La colletta alimentare è ormai la nostra realtà. Inutile girarci attorno. Siamo in un’economia di guerra. E malgrado i latrati di quanti tentano di seppellire le grida di dolore, Milano è una città che soffre. Non possiamo dirlo ad alta voce. Dobbiamo organizzare le Olimpiadi. Abbiamo la Borsa valori, e mercati che non possiamo permetterci di far crollare. Ma l’anello di povertà che ci circonda, si allarga e allo stesso tempo si restringe verso il centro storico della città. Aumenta il numero di quanti fanno fatica anche a mangiare
L’incredibile osservazione è che alla sofferenza sono abituati quelli che già soffrivano. Molto meno quelli che ci sono arrivati per gradi, oggi. Scivolati poco alla volta verso il basso. Il dolore striscia radente vicino la soglia della vergogna: quel dolore resta muto, soffoca le parole. Provare solitudine e ansia non è glamour, non fa vendere, non ha appeal salvo in qualche trasmissione serale in cui invece la sofferenza diventa un business per chi la vende dentro contenitori urlati. Da sempre, perché qualche ricco possa pascere nella sua opulenza, bisogna che ampi strati di poveri collaborino con il loro dolore.

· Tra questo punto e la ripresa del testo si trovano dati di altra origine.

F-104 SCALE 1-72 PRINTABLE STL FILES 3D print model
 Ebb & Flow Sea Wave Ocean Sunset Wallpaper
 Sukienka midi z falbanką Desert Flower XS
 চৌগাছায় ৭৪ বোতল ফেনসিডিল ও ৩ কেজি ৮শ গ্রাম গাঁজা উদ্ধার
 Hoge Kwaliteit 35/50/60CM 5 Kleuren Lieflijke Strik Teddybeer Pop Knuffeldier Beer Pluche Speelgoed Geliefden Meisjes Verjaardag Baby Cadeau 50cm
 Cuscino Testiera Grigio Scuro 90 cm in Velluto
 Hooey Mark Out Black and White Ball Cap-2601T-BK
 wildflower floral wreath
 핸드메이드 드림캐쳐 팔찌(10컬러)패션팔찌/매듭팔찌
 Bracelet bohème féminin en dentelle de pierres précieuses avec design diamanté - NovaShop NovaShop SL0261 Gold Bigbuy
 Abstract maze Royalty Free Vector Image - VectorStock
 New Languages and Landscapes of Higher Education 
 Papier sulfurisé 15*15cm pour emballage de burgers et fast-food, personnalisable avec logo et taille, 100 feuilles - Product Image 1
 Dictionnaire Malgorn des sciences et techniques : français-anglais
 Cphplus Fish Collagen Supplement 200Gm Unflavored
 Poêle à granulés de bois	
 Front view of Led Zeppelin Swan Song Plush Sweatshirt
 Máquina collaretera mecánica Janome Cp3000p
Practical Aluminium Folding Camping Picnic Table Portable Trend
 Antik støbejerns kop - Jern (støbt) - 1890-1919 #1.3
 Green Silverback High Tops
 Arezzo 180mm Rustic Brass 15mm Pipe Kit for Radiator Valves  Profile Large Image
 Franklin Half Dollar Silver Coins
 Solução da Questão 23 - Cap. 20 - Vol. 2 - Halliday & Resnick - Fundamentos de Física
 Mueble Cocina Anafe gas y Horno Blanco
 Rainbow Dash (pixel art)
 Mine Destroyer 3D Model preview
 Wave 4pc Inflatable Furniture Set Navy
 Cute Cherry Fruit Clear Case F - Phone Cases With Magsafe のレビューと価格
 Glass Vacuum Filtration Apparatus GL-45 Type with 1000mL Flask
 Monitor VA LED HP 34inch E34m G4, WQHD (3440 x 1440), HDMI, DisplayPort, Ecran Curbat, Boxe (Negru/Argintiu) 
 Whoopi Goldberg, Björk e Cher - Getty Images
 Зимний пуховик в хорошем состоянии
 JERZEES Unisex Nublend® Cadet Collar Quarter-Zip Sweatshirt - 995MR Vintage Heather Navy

Per questo Milano Positiva ha deciso di fare qualcosa di concreto e di immediato. Una raccolta di cibo, una colletta alimentare attraverso il supermercato Unes di Via Emilio De Marchi a Milano. Chiunque lo vorrà potrà, mentre fa la spesa, donare del cibo a chi all’improvviso ha il piatto vuoto. E non riesce a mettere il pranzo con la cena. Un gesto semplice e concreto: “quando pensi a te, pensa anche un po’ per me” parafrasando Celentano. Presso il Supermercato troverete dei carrelli in cui depositare il cibo per chi non ne ha. Chi può doni a chi non ha. E chi non ha beneficerà di un atto di solidarietà concreto e anonimo allo stesso tempo.
Il cibo verrà portato presso la Chiesa di Santa Maria Goretti e San Martino in Greco, sempre a Milano, dove si provvederà a smistare il cibo a chi ne ha bisogno. Un piccolo segnale di attenzione. Un simbolo di quello che questi tempi oscuri c’insegnano. La solidarietà non va in vacanza, perché la sofferenza non va in vacanza. Anzi: oggi è salita alla ribalta proprio quando avevamo pensato di averla quasi eliminata. Se non è troppa fatica e siete lì vicini date una mano a voi stessi. Un po’ di pane, pasta, olio. Quello che serve per ricominciare in modo nuovo. Il mondo in questi due mesi è cambiato. È cambiata la percezione della vita.
È bastato un virus letale ed invisibile a ricordarci quanto piccolo sia l’uomo davanti al creato.